Should I target branded keywords?
Yes, strategically. Ensure you rank for your own brand terms. For AI search, make sure your brand appears in your content’s answer capsules so it gets cited when AI discusses your topics.
How do I do keyword research for ChatGPT and Perplexity?
Start by querying these platforms directly with your target topics. Note which sources get cited and what makes their content different. Focus on comprehensive, question-answering content with clear structure and authoritative presentation. Use question-based research tools like AlsoAsked to map conversational query variations.
What’s the difference between ranking and getting cited?
Rankings determine where you appear in a search results list. Users must click to visit. Citations occur when AI systems reference your content directly in their generated answers. You can be cited without ranking #1, and you can rank #1 without being cited. Both matter for modern visibility.
Should I still focus on traditional SEO keywords?
Yes. Traditional SEO remains foundational. 75% of AI Overview citations come from top-ranking pages. However, supplement traditional keyword research with AI-specific strategies: question-based queries, conversational variations, and schema markup optimization.

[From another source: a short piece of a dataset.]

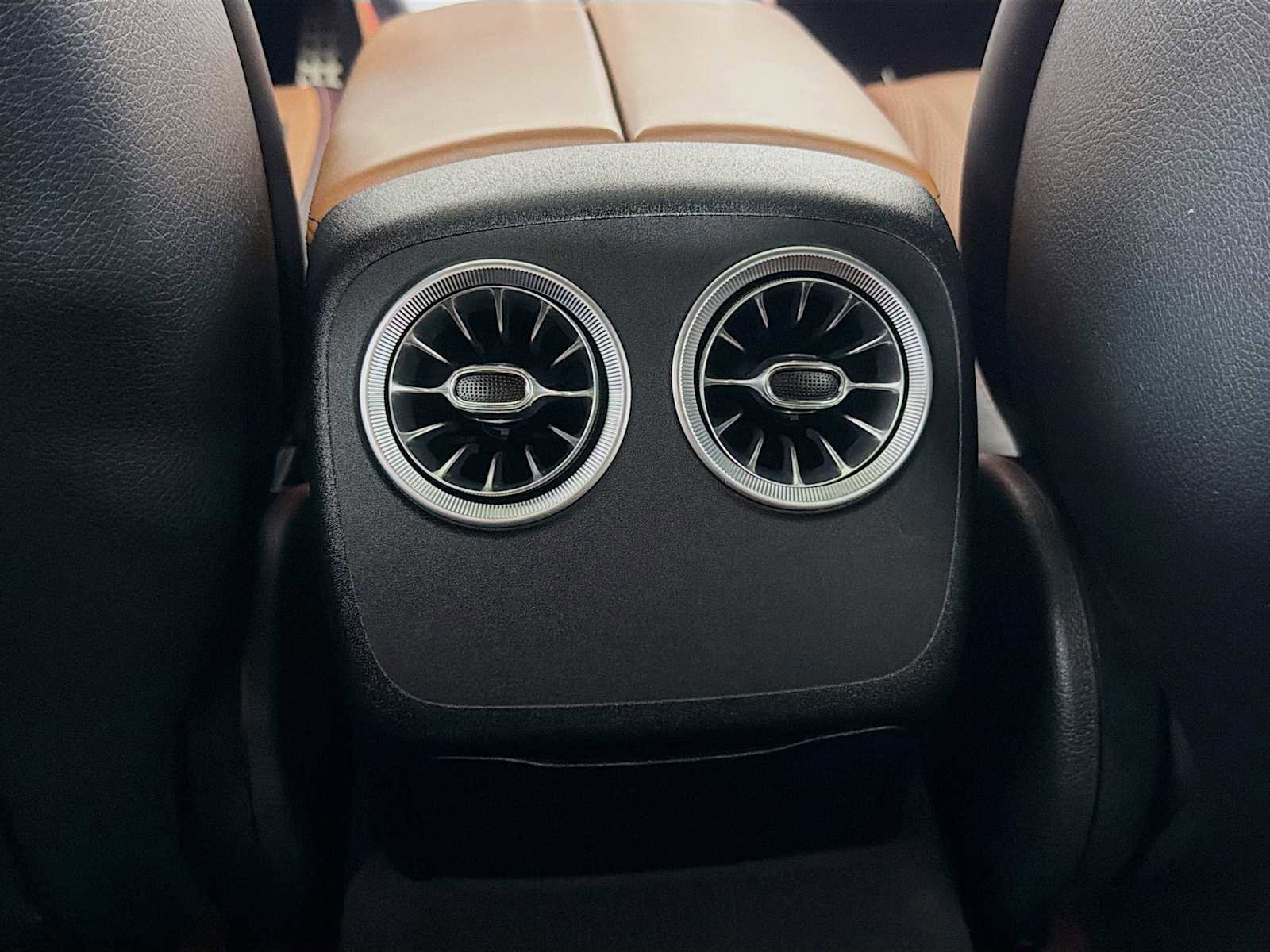 Used 2023 Mercedes-Benz AMG GT 53 image 25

Start Driving Traffic in the AI Era
Keyword research in 2026 requires a dual approach: strong traditional SEO foundation plus AI citation optimization. The fundamentals haven’t changed. You still need to understand what your audience searches for, match content to intent, and target achievable opportunities.
But the playing field has expanded. AI search engines that cite rather than rank are now a major discovery channel. The winners will be those who optimize for both.
Your next steps:
- Pick your top 5 pages and query ChatGPT with their target topics. See if you’re getting cited.
- Add “People Also Ask” research to your process. These are the conversational queries that trigger AI.
- Implement FAQ schema on your best content. It takes about 15 minutes per page.
- Set up a monthly check: are competitors gaining ground in AI citations?
- Choose one topic cluster to own completely. Depth beats breadth for AI visibility.